As such, it has sold an average of 90 million dollars per month. Because of this, dollars are coming out of the reserve. But as the foreign exchange earnings are low, the dollar addition to the reserves is less. Due to which the reserve is decreasing. In August 2021, gross reserves increased to a maximum of $4,806 million. Now it has been reduced to a 2007 million net reserve. In the last two years, the reserves have decreased by 2,499 million dollars. That is, the reserve has decreased by 52 percent. Due to global and domestic crises, the reserves have been declining for the last two years.
According to the report of the central bank, the total foreign debt of the country was 9 thousand 625 million dollars last December. Last May, it decreased to 9 thousand 471 million dollars. Debt decreased by 1.54 billion dollars during the period under discussion. The external debt position has decreased due to less borrowing and the repayment of old loans. Compared to 2021, the debt increased by 5.45 billion dollars in 2022. The growth rate is 6 percent.

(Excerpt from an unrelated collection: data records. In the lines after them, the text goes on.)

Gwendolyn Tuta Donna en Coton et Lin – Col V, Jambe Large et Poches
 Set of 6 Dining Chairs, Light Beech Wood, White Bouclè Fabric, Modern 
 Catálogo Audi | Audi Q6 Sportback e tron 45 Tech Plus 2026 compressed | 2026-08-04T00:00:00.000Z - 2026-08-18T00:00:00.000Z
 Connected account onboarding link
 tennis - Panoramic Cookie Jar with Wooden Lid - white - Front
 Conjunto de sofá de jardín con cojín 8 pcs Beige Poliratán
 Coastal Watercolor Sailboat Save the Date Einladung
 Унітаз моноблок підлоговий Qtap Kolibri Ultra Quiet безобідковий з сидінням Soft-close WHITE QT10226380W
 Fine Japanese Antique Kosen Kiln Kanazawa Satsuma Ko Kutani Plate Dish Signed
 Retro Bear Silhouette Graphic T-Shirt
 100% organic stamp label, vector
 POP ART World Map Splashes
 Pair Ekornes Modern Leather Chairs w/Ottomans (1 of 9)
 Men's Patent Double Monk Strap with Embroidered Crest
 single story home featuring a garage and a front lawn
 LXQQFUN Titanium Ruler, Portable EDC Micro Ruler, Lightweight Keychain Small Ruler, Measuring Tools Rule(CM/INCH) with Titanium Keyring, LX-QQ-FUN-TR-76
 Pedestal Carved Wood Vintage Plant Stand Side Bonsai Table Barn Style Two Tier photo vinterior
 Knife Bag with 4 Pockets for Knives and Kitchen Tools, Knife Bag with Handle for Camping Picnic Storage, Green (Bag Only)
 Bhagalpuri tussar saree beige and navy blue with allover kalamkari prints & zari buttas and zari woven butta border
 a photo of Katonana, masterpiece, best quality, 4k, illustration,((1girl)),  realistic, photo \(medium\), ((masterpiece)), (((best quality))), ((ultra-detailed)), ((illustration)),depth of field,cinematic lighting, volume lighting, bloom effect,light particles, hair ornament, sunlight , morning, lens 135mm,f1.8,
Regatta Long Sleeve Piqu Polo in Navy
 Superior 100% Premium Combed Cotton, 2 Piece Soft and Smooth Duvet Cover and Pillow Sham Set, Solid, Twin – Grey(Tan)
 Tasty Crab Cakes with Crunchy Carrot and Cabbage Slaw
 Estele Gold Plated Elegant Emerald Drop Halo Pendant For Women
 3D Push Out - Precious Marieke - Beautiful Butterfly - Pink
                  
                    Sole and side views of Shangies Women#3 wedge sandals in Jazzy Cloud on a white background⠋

Long-term loans account for $7,772 million of the current loans. Which is 80.70 percent of the total debt. Short-term debt is one thousand eighty-three million dollars. Which is 19.30 percent of the total loan. The public sector’s debt is seven thousand 194 million dollars. Which is 74.70 percent of the total debt. In the private sector, $2 billion 431 million dollars were invested. Short-term loans are more common in the private sector than in the public sector. Short-term loans in the private sector total 1,652 million dollars. Short-term borrowing has now created a major strain on reserves.
Long-term loans have a longer repayment period. Because of this, the pressure on the reserve is less in this loan. But short-term loans have to be repaid within three to six months. If you fail to repay the loan, there is an opportunity to extend the term. Then high interest and penalty interest have to be paid against it. Due to this, the cost increases. It also increases pressure on reserves.
According to the information in the Central Bank report, the long-term debt of 1.62 billion dollars has to be repaid in the current year. Of this, interest is 36 million dollars. 177 million dollars to be paid next year. Of this, interest is 32 million dollars. 108 million dollars to be paid in 2025. Of this, interest is 28 million dollars. From then on, long-term debt repayments will drop below $1 billion a year. But adding new loans will increase it.
Almost all of the short-term loans are taken against imports. Of this, 1,000 billion dollars are to be paid this year. But due to the extension of the term of the credit to be repaid, about 8 billion dollars The rest of the loan tenure has been extended. If the dollar crisis continues, the repayment period of these loans will be extended.